You Can Have Your Snow Day #ThrowbackThursday
Photo by Adam Kloketka via My Modern Met
I love the snow. As long as it’s out and I’m in. Despite the romantic appeal of the sound of the crunch of snow beneath a pair of brand new leather boots on a starlit Christmas night, snow is cold. Too cold for me.Growing up in Canada, winter days could get so cold that not only did the freezing temps blanket the ground with two feet of white fluff, a severely cold winter could cause the falls to freeze over completely. That's happened this year, the cold snap transforming the falls into something from a sci-fi flick.
Back in my day, along with those snowfalls came some painful cases of popsicle toes. As a child, I’d hobble in from outside and stand next to the radiator, pain stabbing at my feet, tears pricking my eyes while my mother gently unbuckled my snow boots so she could rub my numb feet back to life.
Living in Southern California my snow days, thankfully, are far behind me. Winter—real winter—has just never been my season. Even when my father made an ice rink in our backyard, hosing down the backyard, freezing slowly layer by layer, I never liked skating. My ankles hurt, and to be honest I wasn't very good at it, lurching around the skating rink like a toddler trying out their first steps.
I went skiing a few times in my early twenties; spent a few weekends at Mammoth and Big Bear. Again, my ankles hurt, my muscles ached, but mostly my toes were just too damned cold. You go ahead and conquer the mountain, you can tell me all about it apres ski. I'll be inside with the fireplace, hot toddies and the munchies .
While there have been winters when I’ve forgotten how much the cold and I do not see eye to eye, a quick trip up the 10 to Arrowhead or Big Bear reminds me I’m over that bad boy. I’m happy to live somewhere kids make angels, not in the snow, but in the sand. When our son Russell was growing up, the weather was never a reason to cancel school. Snow days? Not a thing.
Speaking of Snow Days, here's a Throwback Thursday story about one of mine.
It was only a few miles from our gloomy old house on Ryerson Crescent to our family’s new split level across town in Cherrywood Acres but it could just as easily have been light years away. It was a whole different world out there in the barely built development where the cherry orchards used to be, everything bright and shiny and newer than new.
We moved to the new neighborhood in the middle of fifth grade, in the middle of winter. I hated Niagara Falls in the winter, when sometimes it got so cold that the falls actually froze, the water turned into ice sculptures as it churned over the bank of the Niagara River. The cold, the snow, the ice and the hockey, I hated it all. But there was no escape.

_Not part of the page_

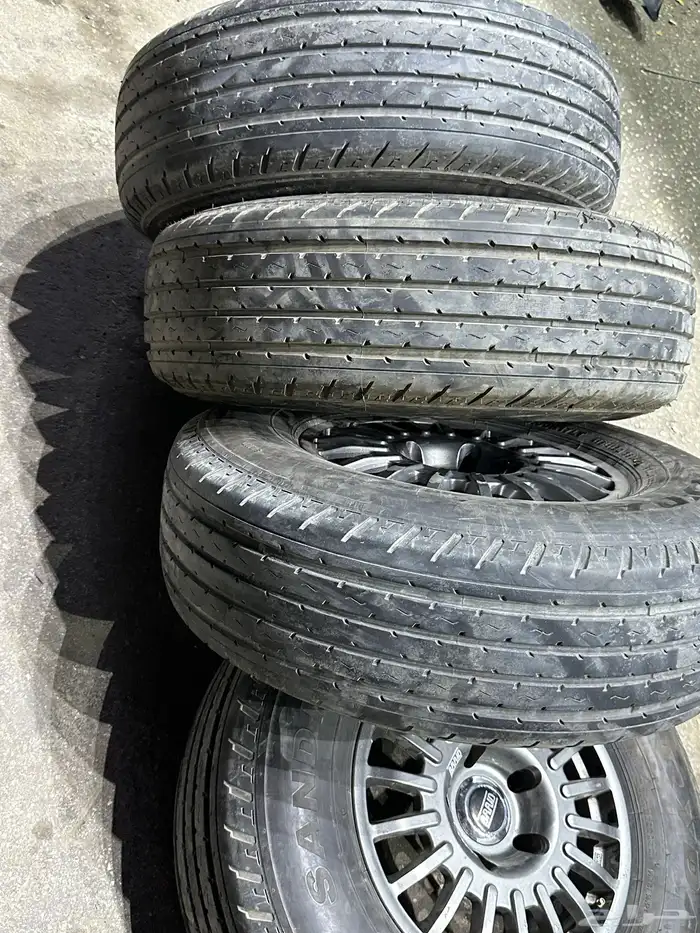 كفرات شاهين مع جنوط برايد خمسه مسمار مقاس 17 14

None of us three kids wanted to move away from our friends even if the new house was pretty and filled with light but our mother wanted that modern split level with the attached garage so badly she wasn’t going to let our whining ruin things. Instead she took us shopping for winter boots to wear on our first day at the new school. Like we were supposed to think it was some big treat. As if we’d be so thrilled to wear new galoshes that we’d completely forget how mad we were to leave our old school and all our friends behind. My brother wasn’t going to waste any part of a Saturday on shopping so it was just my mother, my sister and me.